News, Views & Insights

Benedict Cumberbatch Can Charm Humans, but Can He Fool a Computer?

November 26, 2014

The Imitation Game, a movie portraying Alan Turing’s life (who would have celebrated his 100^th birthday on Mathematica‘s 23rd birthday—read our blog post), was released this week, which we’ve been looking forward to. Turing machines were one of the focal points of the movie, and we launched a prize in 2007 to determine whether the 2,3 Turing machine was universal.

So of course, Cumberbatch’s promotional video where he impersonates other beloved actors reached us as well, which got me wondering, could Mathematica‘s machine learning capabilities recognize his voice, or could he fool a computer too?

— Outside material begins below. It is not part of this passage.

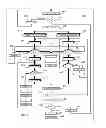 Fig. 07 - Vector processing in an active memory device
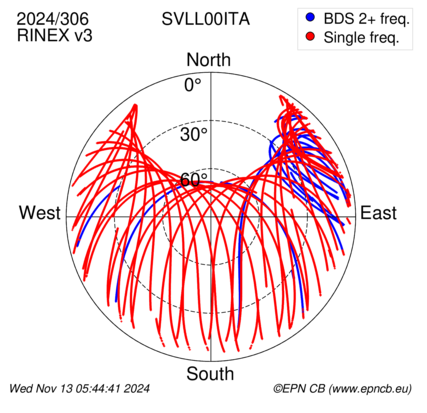 Azimuth / Elevation (polar plot)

I personally can’t stop myself from chuckling uncontrollably while watching his impressions, however, I wanted to look beyond the entertainment factor.

So I started wondering: Is he actually good at doing these impressions? Or are we all just charmed by his persona?

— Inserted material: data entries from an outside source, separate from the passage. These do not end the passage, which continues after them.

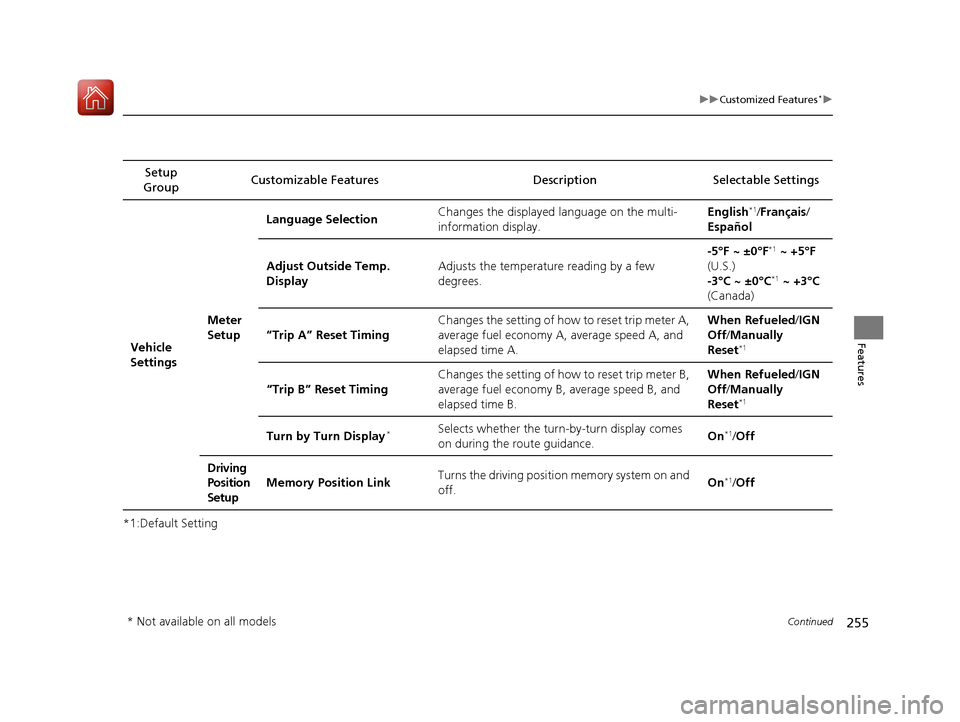 Acura ILX 2017  Owners Manual 255
uuCustomized Features*u
Continued
Features
*1:Default SettingSetup 
Group Customizable Features Description Selectable Settings
Vehicle 
Settings Meter 
SetupLanguage Selection
Changes the display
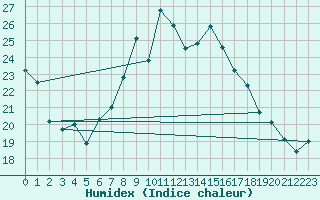 Courbe de l'humidex pour Luka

Is my psyche just being fooled by the meta-language, perhaps? If we take the data of pure voices, does he actually cut the mustard in matching these?

In order to determine the answer, 10 years ago we would have needed to stroll the streets and play audio snippets to 300 people from the James Bond movies, The Shining, Batman, and Cumberbatch’s impression snippets—then survey whether those people were fooled.

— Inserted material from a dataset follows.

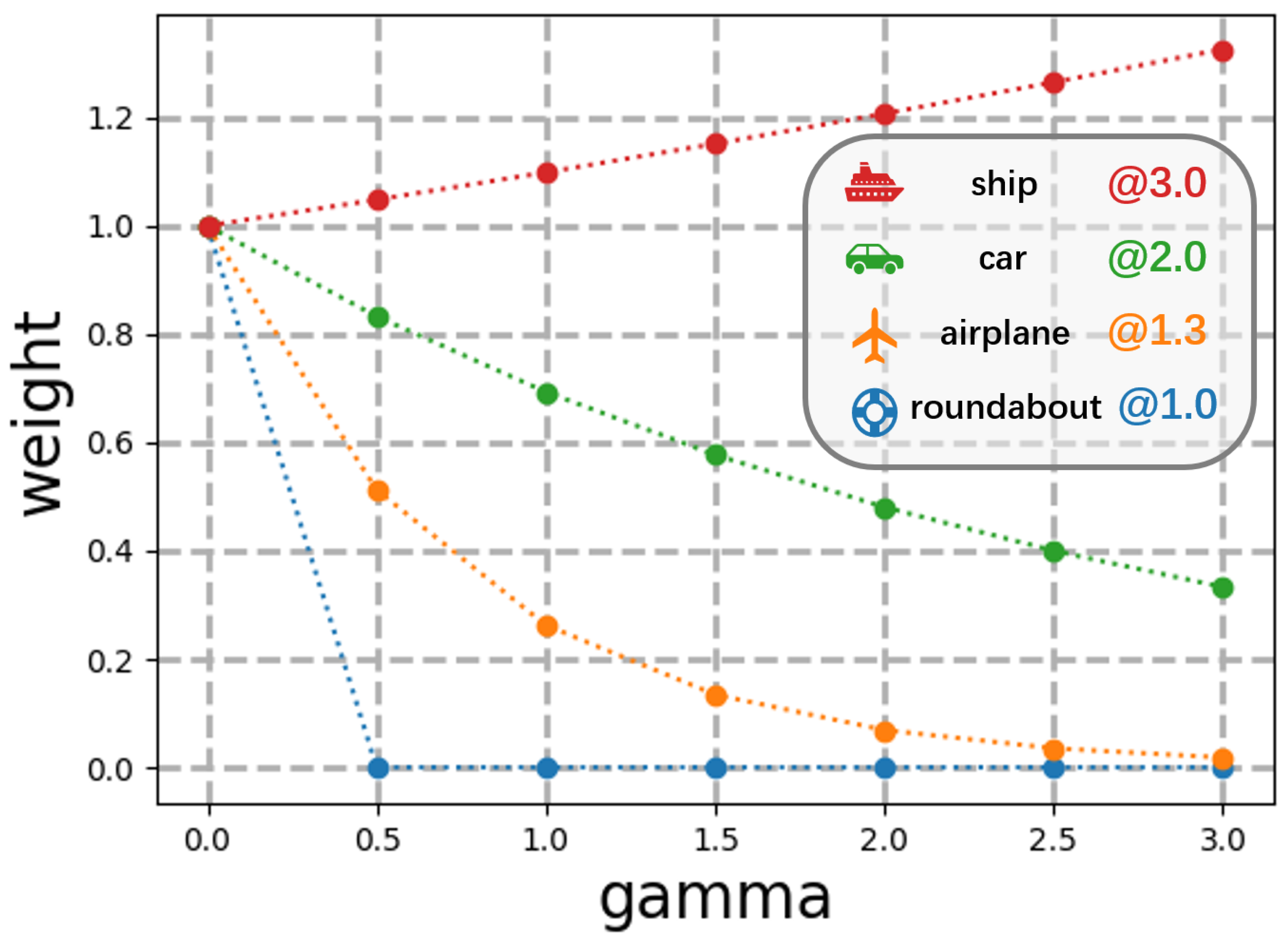 Remotesensing 15 03854 g004 Remotesensing 15 03854 g004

But no need, if you have your Mathematica handy!

With Mathematica‘s machine learning capabilities, it’s possible to classify sample voice snippets easily, which means we can determine whether Benedict’s impressions would be able to fool a computer. So I set myself the challenge of building a decent enough database of voice samples, plus I took snippets from each of Benedict’s impression attempts, and I let Mathematica do its magic.

We built a path to each person’s snippet database, which Mathematica exported for analysis:

Classify sample voice snippets

We imported all of the real voices:

The classifier was trained simply by providing the associated real voices to Classify; in the interest of speed, a pre-trained ClassifierFunction was loaded from cfActorWDX.wdx:

Classifier was trained simply by providing the associated real voices to Classify

My audio database needed to include snippets of Benedict’s own voice, snippets of the impersonated actors’ own voices, and the impressions from Cumberbatch. The sources for the training were the following: Alan Rickman, Christopher Walken, Jack Nicholson, John Malkovich, Michael Caine, Owen Wilson, Sean Connery, Tom Hiddleston, and Benedict Cumberbatch. I used a total of 560 snippets, but of course, the more data used, the more reliable the results. The snippets needed to be as “clean” as possible (no laughter, music, chatter, etc. in the background).

These all needed to be exactly the same length (3.00 seconds), and we made sure all snippets were the same length by using this function in the Wolfram Language:

Making sure snippets are all same length

Some weren’t single-channel audio files, so we needed to exclude this factor as an additional feature to optimize our results during the export stage:

Excluding single-channel audio files

Thanks go to Martin Hadley and Jon McLoone for the code.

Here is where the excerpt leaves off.